▶ **WHAT YOU WILL DO**
From the data below, return the exact lines starting at the line containing "Proctor & Gamble Thanks Moms" and ending at the line containing "Margaret Of Cortona", both included, and nothing else.

#### RECORDS SUPPLIED ####

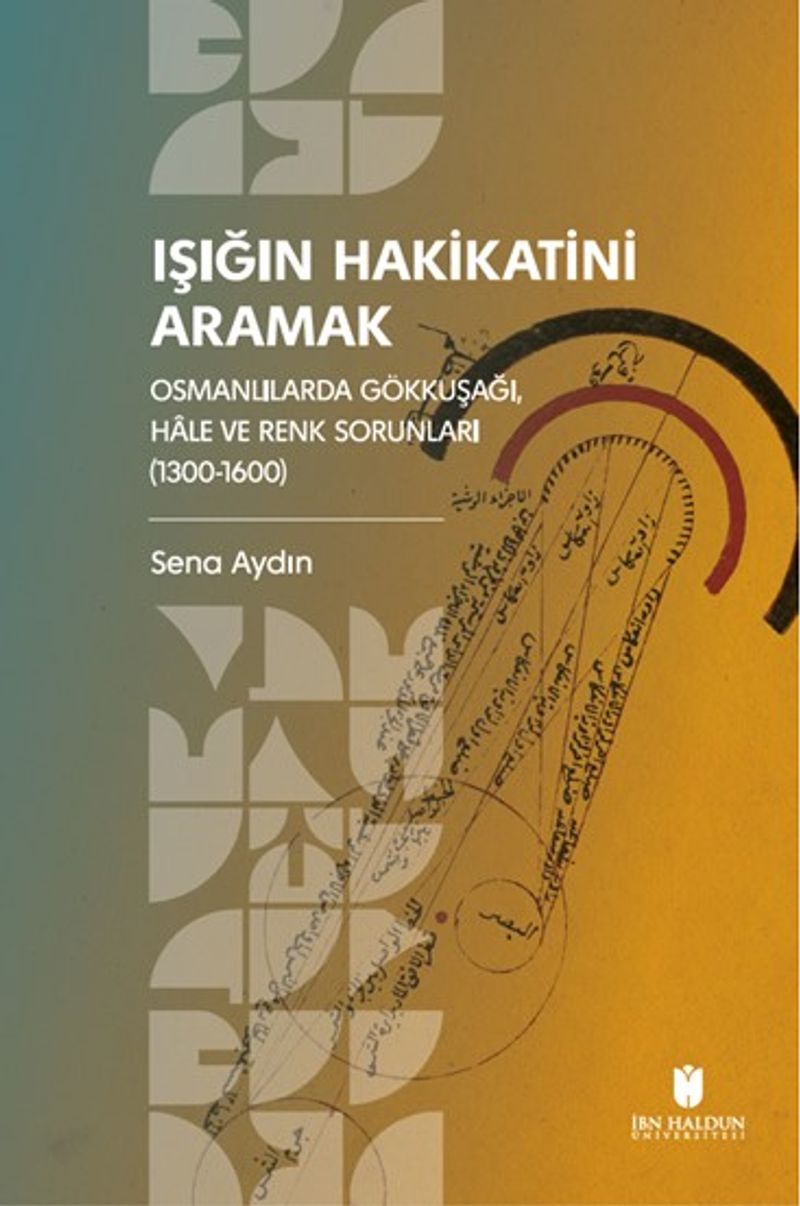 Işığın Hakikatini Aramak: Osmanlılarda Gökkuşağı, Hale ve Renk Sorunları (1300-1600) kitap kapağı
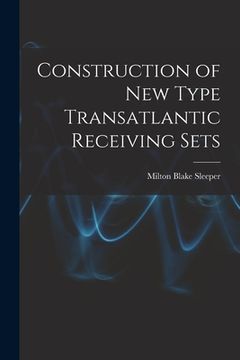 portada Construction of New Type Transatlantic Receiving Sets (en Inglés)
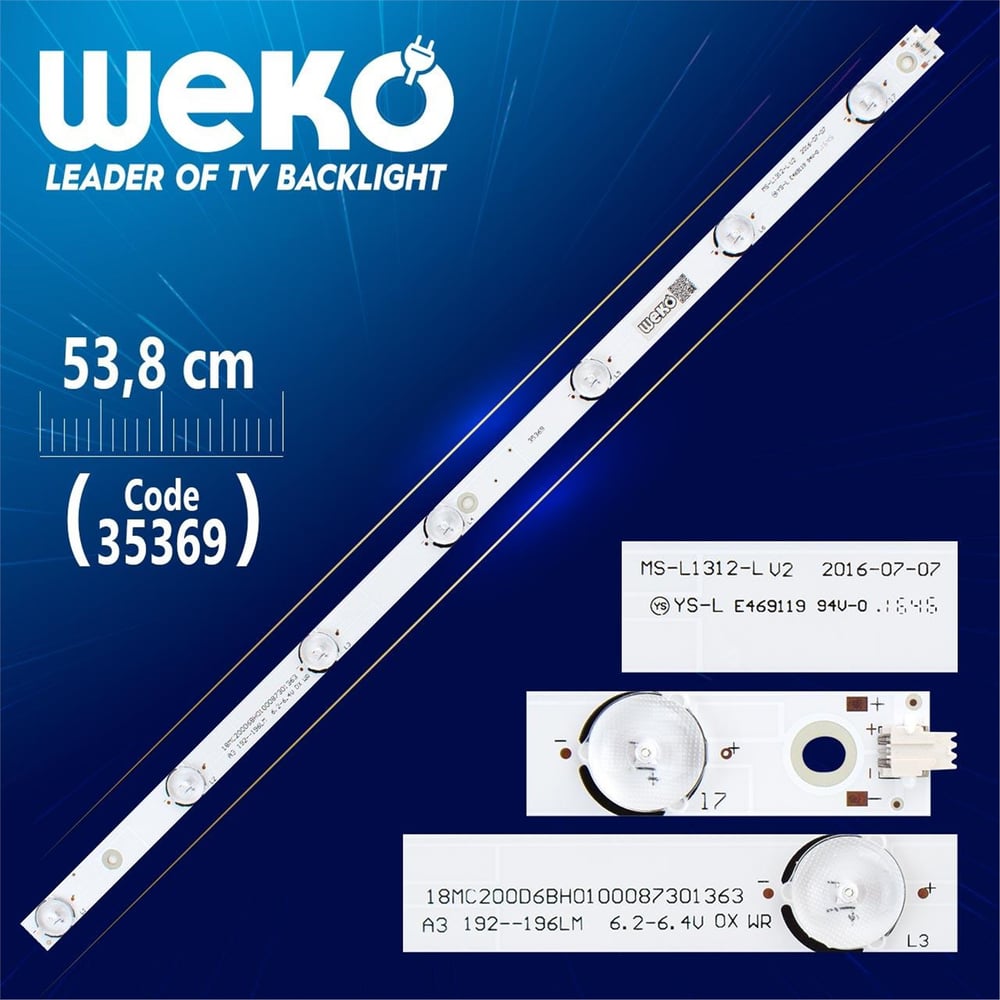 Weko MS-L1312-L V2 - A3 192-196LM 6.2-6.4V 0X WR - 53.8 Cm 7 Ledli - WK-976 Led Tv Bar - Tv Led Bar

####
#### RECORDS SUPPLIED ####

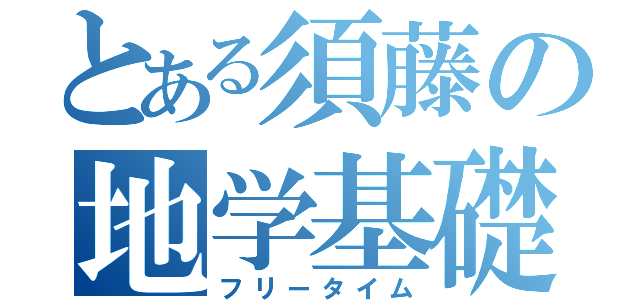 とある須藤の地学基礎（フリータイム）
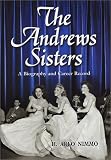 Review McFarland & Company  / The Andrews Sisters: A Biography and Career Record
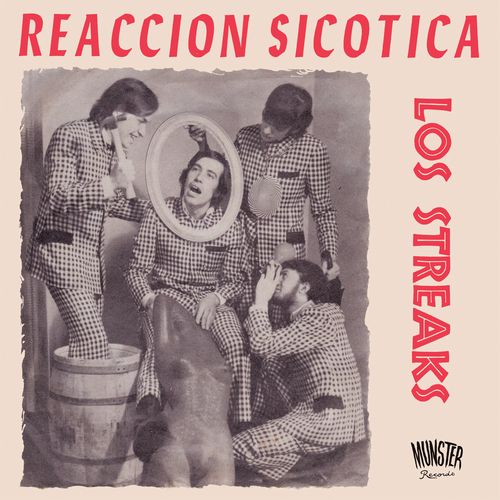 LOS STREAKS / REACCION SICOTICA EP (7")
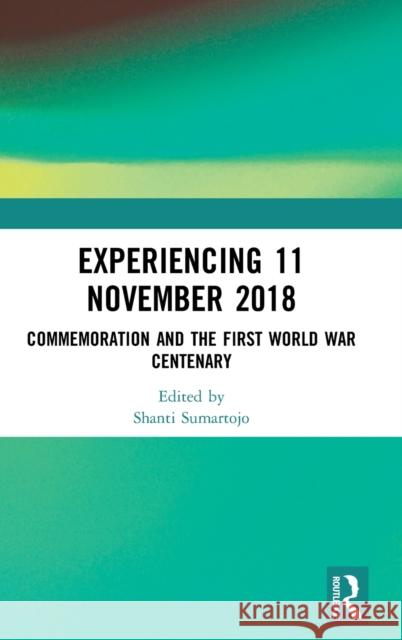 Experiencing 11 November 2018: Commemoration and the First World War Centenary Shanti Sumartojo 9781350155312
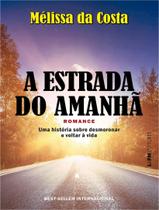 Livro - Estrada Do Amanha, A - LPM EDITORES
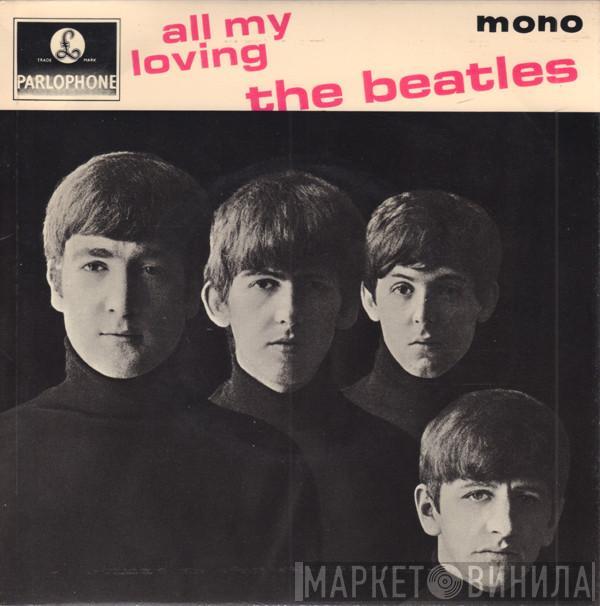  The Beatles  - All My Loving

####
#### RECORDS SUPPLIED ####

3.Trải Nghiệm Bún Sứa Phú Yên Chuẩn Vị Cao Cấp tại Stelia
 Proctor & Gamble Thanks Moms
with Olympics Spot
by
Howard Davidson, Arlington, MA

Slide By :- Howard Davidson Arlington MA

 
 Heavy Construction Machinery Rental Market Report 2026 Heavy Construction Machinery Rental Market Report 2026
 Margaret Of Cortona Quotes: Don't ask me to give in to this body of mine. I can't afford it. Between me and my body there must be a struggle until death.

####

▶ **WORKED SOLUTION**
 Proctor & Gamble Thanks Moms
with Olympics Spot
by
Howard Davidson, Arlington, MA

Slide By :- Howard Davidson Arlington MA

 
 Heavy Construction Machinery Rental Market Report 2026 Heavy Construction Machinery Rental Market Report 2026
 Margaret Of Cortona Quotes: Don't ask me to give in to this body of mine. I can't afford it. Between me and my body there must be a struggle until death.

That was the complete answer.